By Claire Lee
Some of Toronto’s major taxi cab companies are breaking the law by overcharging people in wheelchairs. RyeAccess is working on a project to expose the issue.
The community service group has footage of cabs charging a flat rate for accessible vehicles, even though Toronto’s municipal code requires the charge to be based on the metered rate.
The project began when Donna Ryder, a RyeAccess employee, was overcharged by an accessible cab driver over the summer. The driver insisted she pay a flat rate of $34 for a five-minute ride. Ryder said he didn’t even turn his meter on.
“When I took the exact same route without a wheelchair about three years ago, I only had to pay $12 with the tip,” said Ryder.
Mark Dimuantes, Toronto’s municipal licensing and standards senior policy officer, said the city needs more complaints from the disabled community to solve this problem.
“They should give us a call and if they are willing to appear as a witness we will lay charges and bring them to court.”
Dimuantes said drivers charging flat rates could face severe penalties. “The fines can range up to $25,000 for an individual and $50,000 for a corporation,” said Dimuantes.
RyeAccess has video taped four taxi runs. One of them is a regular taxi ride and the rest are rides in accessible cabs from three different companies. Although all four runs took the same route from Ryerson’s Student Campus Centre to the northeast corner of Richmond and John, the price variation was huge.
“The regular taxi charged us $15 based on the metered rate but the accessible cabs charged us a flat rate of $35,” said Frank Nyitray, a RyeAccess coordinating team member.
None of the three accessible cabs had their meters on.
“The by-law very clearly states that they are required to turn their meters on and they were not following [the law],” said Nyitray.
Nyitray said no attempt was made to hide the camera while working on the project. “We had regular conversations [with the drivers] about school stuff and assignments. We just held the camera and didn’t try to hide anything.”
Andrew Whiteley, a spokesman for Beck Taxi, said it’s up to the city to enforce the by-laws if drivers are not obeying them.
“I’m not going to say what’s legal and what’s illegal,” said Whiteley. “I’m going to say that there are by-laws that regulate this industry.
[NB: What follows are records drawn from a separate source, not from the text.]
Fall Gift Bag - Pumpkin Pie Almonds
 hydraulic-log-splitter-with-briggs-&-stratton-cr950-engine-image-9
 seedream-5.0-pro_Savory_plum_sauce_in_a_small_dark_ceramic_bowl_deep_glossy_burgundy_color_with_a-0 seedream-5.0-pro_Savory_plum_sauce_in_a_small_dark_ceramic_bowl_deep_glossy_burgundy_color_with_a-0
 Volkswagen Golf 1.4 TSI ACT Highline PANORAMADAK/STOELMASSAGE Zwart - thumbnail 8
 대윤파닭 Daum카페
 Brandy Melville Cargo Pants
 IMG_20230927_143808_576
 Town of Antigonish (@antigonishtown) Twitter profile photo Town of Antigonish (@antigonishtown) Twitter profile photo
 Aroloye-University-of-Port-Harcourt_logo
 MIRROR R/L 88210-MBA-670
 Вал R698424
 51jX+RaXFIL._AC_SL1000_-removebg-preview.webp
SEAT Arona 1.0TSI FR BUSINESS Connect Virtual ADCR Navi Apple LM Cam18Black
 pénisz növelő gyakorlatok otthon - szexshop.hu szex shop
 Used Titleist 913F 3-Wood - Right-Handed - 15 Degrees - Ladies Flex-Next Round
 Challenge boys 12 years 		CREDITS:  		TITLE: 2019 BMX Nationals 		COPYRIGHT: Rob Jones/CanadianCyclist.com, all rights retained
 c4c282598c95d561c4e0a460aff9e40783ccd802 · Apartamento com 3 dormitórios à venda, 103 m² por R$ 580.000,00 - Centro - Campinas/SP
And it’s up to every individual driver to respect the by-laws.”
Ryder said some of the drivers used the high price of accessible vehicles to justify the extra, and oftentimes unstable, cost.
“They make it up as they go along,” she said. “Same with the fees. You call company A, you might get $32. You call company B, you might get $34. You call company C, you might get $56.”
RyeAccess submitted a summary of their findings to the RSU last Friday. While nothing has been decided, Gareth Henry, the RSU equity and campaign organizer who supervises the project, said awareness is one of the main goals.
“We are trying to engage other advocating groups who support people with disabilities,” said Henry. “We’d also like to give taxi industry an opportunity to voice their side of the story.”